I know a lot of people will say that I have it so good teaching small groups in a pull-out setting. I have a ton of flexibility, administration doesn't bother me, I don't have to do bulletin boards or worry about crazy classroom management issues. Honestly though, I am not even considering these things in my decision. I know that next year will be harder if I switch but it is what I expected all along.

Any advice?

Sunday, March 12, 2006

Books, Books, Books

This Saturday I had the chance to attend the Project Cicero book drive. Look at all of the books I got! 153 to be exact. I think that this about doubles what I previously had in my library. I'm really excited about showing them to the kids. I got some really good read aloud books, some early readers, chapter books, a few non-fiction books (including a couple that will work with our solar system unit that we are working on) and a handful of holiday themed books. Also thrown into the mix were two books that I won't be using: a book in German and a book of bible stories. Now I just have to level some of these and then find homes for them on the few shelves that I have for our library.

Wednesday, March 01, 2006

My classroom organization explained (in detail)


Here's another view of my classroom. Yes, this it the whole thing! The other half of the room is occupied by the math and literacy coaches at my school. (If you've been reading my blog for a while you've heard all about them.) The space is tight, but cozy.

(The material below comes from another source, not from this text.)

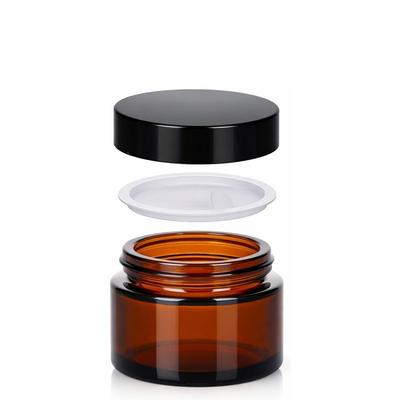 Amber Cam Kavanoz  50 ml Kapaklı - Mum Doldurmaya Uygun 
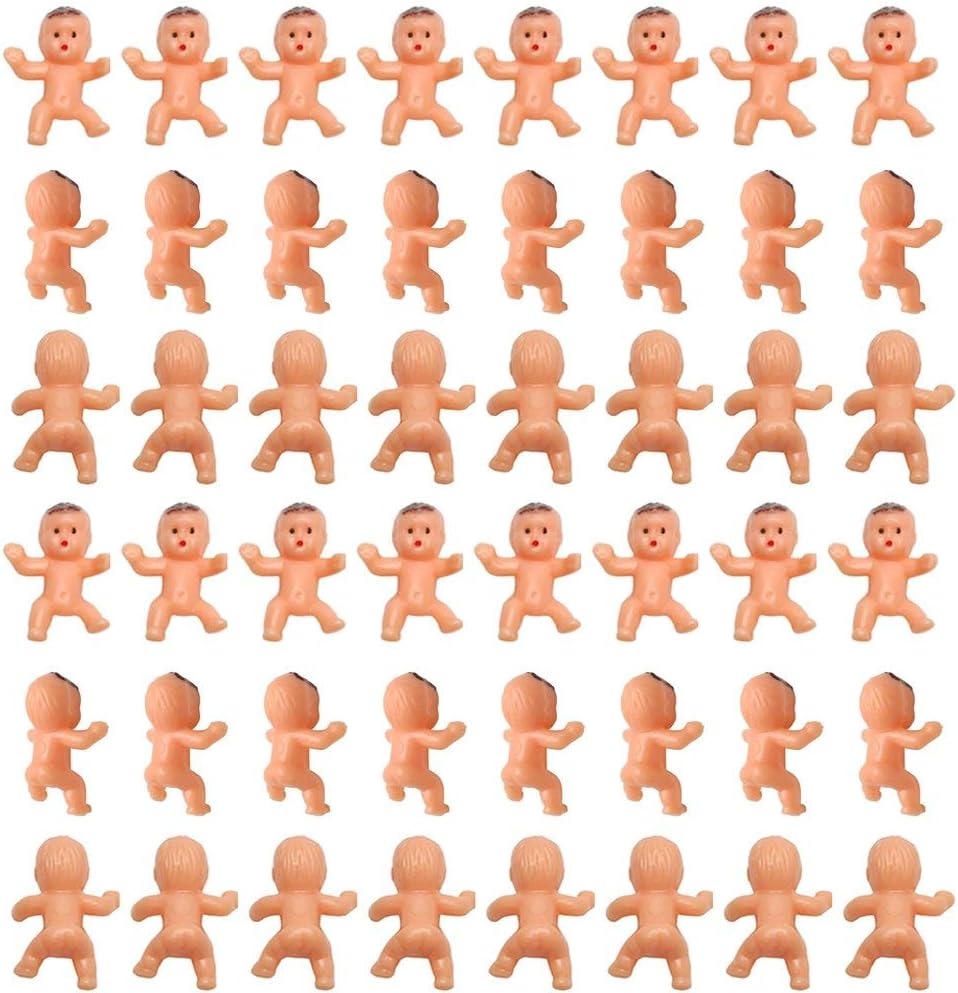 60 Pcs 1" Mini Plastic Babies Party Favor/Baby Shower ice Cube Game Party Game Decor Party Decorations, Baby Toys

Keep reading if you want to hear all about the organization of my room (I'm all about organization). If not, now would be a good time to stop reading.

My Desk!


Posters my fifth graders made while reading Any Small Goodness.

Word families that I am working on with the kindergarteners.

Organization


The left side of the bookcase is part of the library. The right side organizes classroom supplies. On the top there are three tupperware boxes each containing markers, scissors, crayons and glue. On the bottom is a basket where kids can store independent reading books they are currently using. There are also folders and books that my eighth graders are using for the unit we just started.

Reading Strategies

Back Wall


This is the "Writing" bulletin board which has recently become the "Science" bulletin board. On the table I have files to organize student work and portfolios, pencil baskets, and a basket of composition books color coded by class.

Kindergarten Word Wall


I actually like that this is right down by the ground because it is on a five year old level. I have them go to it and point out/read words all of the time. I only wish that there was more room to spread the words out a little.

White Board


I bought special paper to turn my chalkboard into a white board. I like writing with colored markers better than chalk. In the center of the board is a circle that is supposed to tell the kids when they have to be quiet, when they can be louder, etc. It's my fault I wasn't very good at keeping up with it so it kind of failed. I still think it has potential though so I keep it up there.

You'll notice a small desk to the left of the board. I use that to keep my lesson plans, worksheets, etc. for the day and it doubles as the listening center on other days.

Library


My library is leveled according to Fountas and Pinnell (which most teachers at my school don't do, actually). Since I teach K-8 I have books ranging from A-Z. Of course that means I don't have a huge selection. All of the books that I do have I either got from other teachers who could spare a few or I scrounged some up in the basement. I guess the ESL teach last year didn't have a library?

Word Wall


According to my region it should be "interactive" so if you can see, the sentence strips are sitting in clear pockets (I made them by cutting up and taping together transparencies). On the back of each word there are definitions and example sentences that the kids can refer to. A few times they have actually done this, but most of the words up there they actually don't need to reference that often. It's actually kinds of a challenge for me to have a word wall since I teach K-8 so they all need very different words.